In short, these platforms have democratized innovation. Instead of just being an operational necessity, software is now a major catalyst for growth in virtually every industry – or can be, if properly harnessed.
But for companies to fully capitalize on this opportunity, they need to build their own tailored products and solutions. Using the IP and data generated through their daily operations, organizations can create unique offerings that not only differentiate them from competitors but also deliver significant value in markets that are increasingly hungry for innovation.
An unprecedented opportunity to build innovative products with IP and data
Software engineering of course is not new, and organizations have been building digital products for decades. But the advent of hyperscale platforms and the acceleration of artificial intelligence (AI) and GenAI present an entirely new kind of opportunity. The lower cost of development and expanded capabilities of the hyperscale platforms have reignited the “build versus buy” discussion. Companies can now build highly tailored solutions – developed from their own IP and data – that are accessible, impactful, scalable, and offer real market differentiation. And, importantly, these solutions cannot be purchased off the shelf.
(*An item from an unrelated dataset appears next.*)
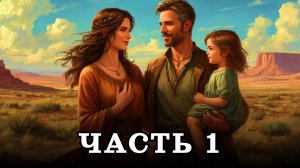 АУДИОКНИГА ПОЛНОСТЬЮ ✦ ЧАСТЬ 1. ВЕК ЗАБВЕНИЯ ✦ ЛЮБОВНОЕ ФЭНТЕЗИ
Often the C-suite thinks of software engineering as an exclusively technical matter for IT teams, with challenges and concerns that are separate from business. But with the new emphasis on building tailored solutions, thanks to lower cost of development and expanded capabilities of the hyperscale platforms, software engineering has become a business opportunity, one with tremendous potential upside. The reason for this can be found in the unique IP and data that virtually every organization generates.
Whether it’s an insurance company working with actuarial tables or a manufacturer reviewing safety records, most organizations have unique internal IP and data naturally generated from the process of doing business.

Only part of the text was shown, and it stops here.